Example: (Ross, p.338 #48(a)). Consider an $n$ -server parallel queueing system where customers arrive according to a Poisson process with rate $\lambda,$ where the service times are exponential random variables with rate $\mu,$ and where any arrival finding all servers busy immediately departs without receiving any service. If an arrival finds all servers busy,
Question: find the expected number of busy servers found by the next arrival.
It is easy to show that if we had a single server, and at $t=0$, it was busy, than the probability that the customers find the server busy is $\frac{\lambda}{\mu + \lambda}$. Hence $$T_1 := \text{# of busy servers} = 1 * \frac{\lambda}{\mu + \lambda} + 0*(1-\frac{\lambda}{\mu + \lambda}) = \frac{\lambda}{\mu + \lambda}.$$
Given that we have $n$ out of $n$ busy servers at $t=0$ which are independent from each other, the expected number of busy servers should be $$n* \frac{\lambda}{\mu + \lambda},$$ but in the lecture notes where I got this example, the author first finds $T_1$, then considers a $k$-server system with all servers busy and separates the cases according to whether first a customers arrives or at least one of servers finishes it's job. Then it tries to form a recursive relation between $T_i's$, and obtains quite a complex answers.

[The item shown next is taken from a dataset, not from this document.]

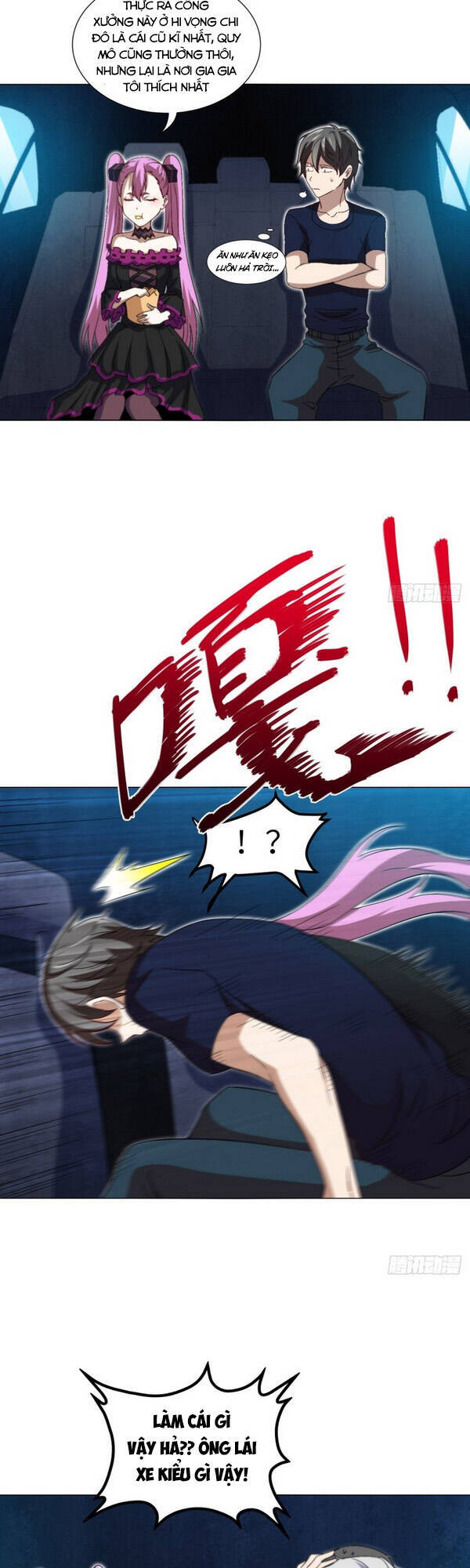 Cao Năng Lai Tập Chapter 93 - Trang 2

However, I cannot understand what is wrong with my answers. After all, we throw $n$ independent coins, each of which having probability $p$ to get heads, then we would expect to see $p*n$ heads. But, in this case, for some reason the auhors thinks that this logic does not work. Why?
I just made small simulation of the above system, with $n = 10$ and #of simulations = 100000. As far as numbers tell, the expected number of busy servers found by the customers is quite close to
$$\sum_{i=1}^n \frac{u_i}{u_i+\lambda}.$$ and this is the answer the author gives
Your approach and result are correct. You mention independence twice. The linearity of expectation does not require independence; your approach and result would be correct even without it. Since you didn’t give any details about the author’s more complicated solution, there’s not much more to say.